**Source information:**

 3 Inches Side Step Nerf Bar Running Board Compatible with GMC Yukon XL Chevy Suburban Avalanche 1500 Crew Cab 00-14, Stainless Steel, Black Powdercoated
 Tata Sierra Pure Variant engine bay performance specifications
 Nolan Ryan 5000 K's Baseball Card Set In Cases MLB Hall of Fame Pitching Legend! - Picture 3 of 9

* * *

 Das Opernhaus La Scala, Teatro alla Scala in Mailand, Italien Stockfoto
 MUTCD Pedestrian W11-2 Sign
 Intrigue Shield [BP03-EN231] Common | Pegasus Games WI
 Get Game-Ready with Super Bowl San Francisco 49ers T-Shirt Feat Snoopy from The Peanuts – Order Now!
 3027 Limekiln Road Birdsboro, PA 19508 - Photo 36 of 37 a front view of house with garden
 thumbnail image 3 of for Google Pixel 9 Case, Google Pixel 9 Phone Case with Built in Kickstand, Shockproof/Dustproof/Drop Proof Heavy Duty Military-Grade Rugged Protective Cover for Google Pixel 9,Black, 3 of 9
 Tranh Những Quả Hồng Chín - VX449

* * *

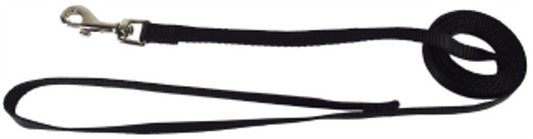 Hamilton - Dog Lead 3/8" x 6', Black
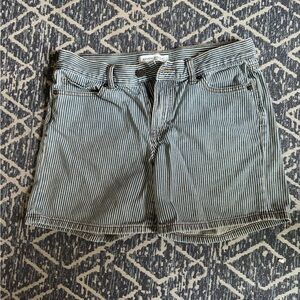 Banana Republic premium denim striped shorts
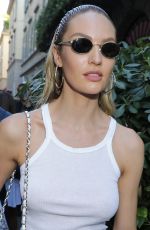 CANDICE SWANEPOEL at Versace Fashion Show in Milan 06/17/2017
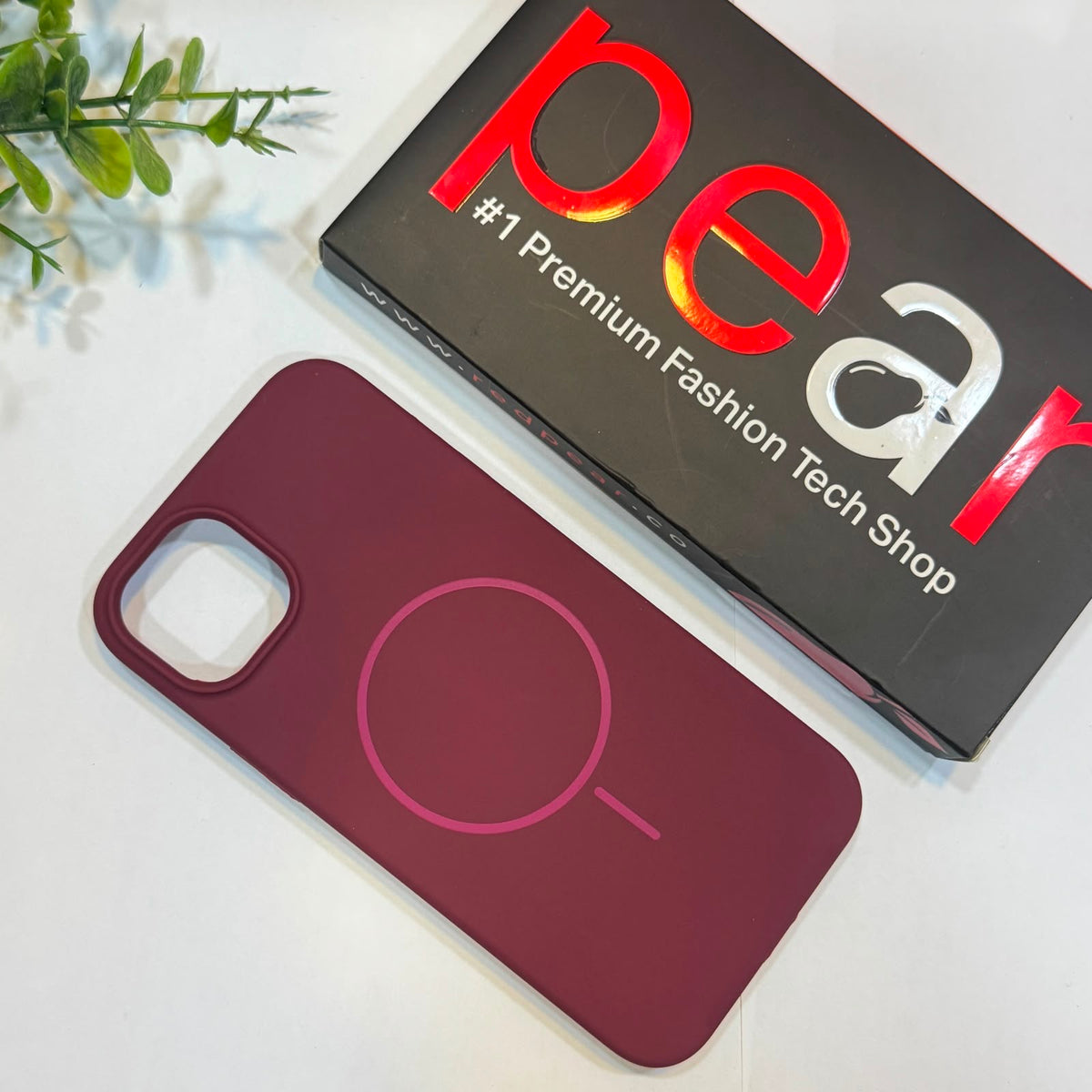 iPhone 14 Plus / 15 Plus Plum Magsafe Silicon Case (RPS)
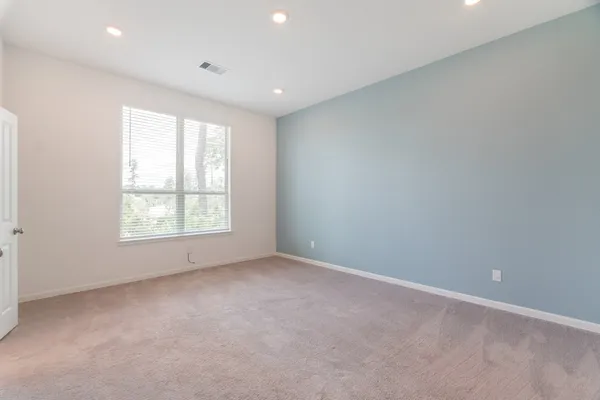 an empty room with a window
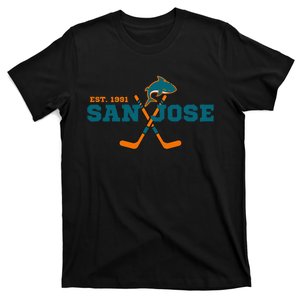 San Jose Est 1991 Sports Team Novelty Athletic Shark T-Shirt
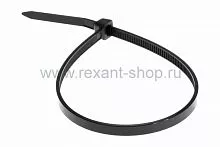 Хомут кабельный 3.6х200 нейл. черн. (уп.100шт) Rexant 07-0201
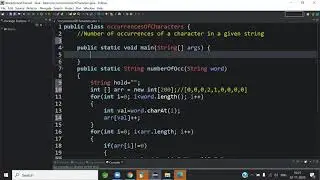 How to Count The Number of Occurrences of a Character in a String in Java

**Task brief:** Of the lines above, extract only those from the line with "MUTCD Pedestrian W11-2 Sign" to the line with "Tranh Những Quả Hồng Chín - VX449", both included, exactly as written.

**Exercise output:**
 MUTCD Pedestrian W11-2 Sign
 Intrigue Shield [BP03-EN231] Common | Pegasus Games WI
 Get Game-Ready with Super Bowl San Francisco 49ers T-Shirt Feat Snoopy from The Peanuts – Order Now!
 3027 Limekiln Road Birdsboro, PA 19508 - Photo 36 of 37 a front view of house with garden
 thumbnail image 3 of for Google Pixel 9 Case, Google Pixel 9 Phone Case with Built in Kickstand, Shockproof/Dustproof/Drop Proof Heavy Duty Military-Grade Rugged Protective Cover for Google Pixel 9,Black, 3 of 9
 Tranh Những Quả Hồng Chín - VX449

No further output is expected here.